引き締まった体から伸びる手足は大木のように太い。


「……そういえば、拙者。刀を持っておらなんだ」


「ちょいちょいちょーい!? 今、そんなこと言うの?!」


 今になってアルベルトは気づく。そういえば、この巫女は、剣士と階級を名乗ってはいたが、武器を持っている姿はなかった。

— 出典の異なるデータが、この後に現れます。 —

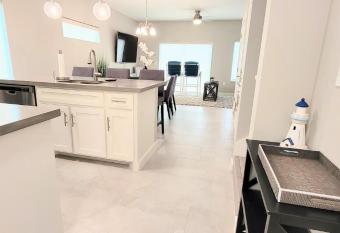 New Waterfront Bungalow - Fishermans Paradise - Bungalow Tarvana has Balcony rooms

 慌てふためくアルベルトだが、予備で持ってきていた刀の二振りを取り出す。


「サセルト思ウカ?」


 しかし、言うが速いか、大猿はアルベルトの方に飛びつく。猿なだけに、その巨大な身体からは考えられないほどの身のこなし。

一気にアルベルトとの間合いを詰める。


「一振りで充分だ。こちらの刀を借りるぞ」


 お互いの言葉は、流されながら混じり合い、そして、視線がぶつかる。


 大猿はアルベルトに飛びつき、神琴は体制を崩さぬまま、アルベルトの待っている刀を一振り抜き取る。


 刹那。

向かってきていたはずの大猿の向こう側へ、切り抜けている神琴が見える。


「あはは、はえー……見えなかった」


 アルベルトは唖然として、開いた口が塞がらない状態だった。


 大猿は真っ二つに切断され、アルベルトの両側にそれぞれの分断された身体が飛び散っている。

それも一瞬のことで。


「気に入った。この刀、素晴らしく使いやすい気がする」


「そ、その刀は基本の鉄から出来る刀、名を『虎鉄(こてつ)』だ」


 神琴は、アルベルトからもらった刀、虎鉄を一空振り。

血のついた雫が、地面にこぼれ落ちる。

彼女がその猿を両断したのだ。


「ふふん。どうだった、アル」


「いや、普通にすげーと思ったよ。ありがとう、神琴ちゃんは強いよ、ボディガードとして申し分ない」


 アルベルトはそういうと何度も頷く。

大猿を両断した時の剣筋がまったく見えなかったのがその証拠。


 自分の父もモンスターと戦っていたからわかる。彼女はかなりの鍛錬を積んでいることを。


「しかし、黒毛猿の素材も手に入るとはラッキー」


 そう言いながら、先程倒した猿の、二つになった身体漁り出すアルベルト。この辺も鍛冶師としての本職なのだろうか。


「そ、そんなもの何に使うのだ?」


「えー、普通に、猿の刀、真打(しんうち)とかに使えるけど?」


「……わからぬよ、鍛冶屋と言うのは知識も豊富なのだな」


「神琴ちゃんだって、閻円のこと知ってたじゃない」


「それは、拙者が退魔の家系だからだ! お主、本当に世間のことがわかっておらぬのだな」


 呆れ果てて言葉を失う神琴。お構い無しに素材を剥ぎ取るアルベルト。


「まあ、いいじゃない。刀さえ作れればなんでもさ」


 ふっ、と笑って見せたアルベルトの笑みは、どうにも怖気を覚えるものだった。